I cut two orange pieces to match the curve of the bottom of the skirt, leaving plenty of extra material on the sides for seams.


Then I cut two yellow pieces below it, extending the line and following the curve.


While sewing, I kept reminding myself that this costume will never be scrutinized or laundered, so it didn’t have to have perfect seams.  For the yellow-orange seam, I folded over and ironed the orange side of the seam and simply stitched the yellow over it on the backside. By the way, searching for orange thread turned out to be a wild goose chase, so red worked just fine.  Besides, when will you ever use orange thread again?


I left six inches open on top of one side and sewed in a velcro closure.  For the straps, I used pieces of elastic.

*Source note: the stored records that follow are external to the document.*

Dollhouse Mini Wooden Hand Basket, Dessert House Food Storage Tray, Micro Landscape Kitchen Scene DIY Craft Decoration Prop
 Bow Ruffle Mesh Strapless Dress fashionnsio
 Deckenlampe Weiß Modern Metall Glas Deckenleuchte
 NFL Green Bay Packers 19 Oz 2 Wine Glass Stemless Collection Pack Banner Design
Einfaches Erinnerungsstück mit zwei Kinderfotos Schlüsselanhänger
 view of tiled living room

I won't lie, it took me about six hours to complete.  But in the end, it was a success!


But the proof is in the pudding.

Dova in her costume

She loved it!


Kristen M. said...

Great job with the costume! I have a sewing machine but still need to learn how to use it. Tomorrow I will be starting (and hopefully finishing) my kid's costumes - a tiger & mad scientist.

Asianmommy said...

Wow--that's adorable. I'm impressed!

Anonymous said...

In My attics, I have two sets of crown custumes. One I bought it and the other I sewed it, both of them are cute. the one I made was comfortable for the chilly weather. I wore them for the Hollowing dancing parties at Athur Murry dancing studio. It was long time ago. It was long time ago, but the costumes still look like new and fit well with those witches black hat.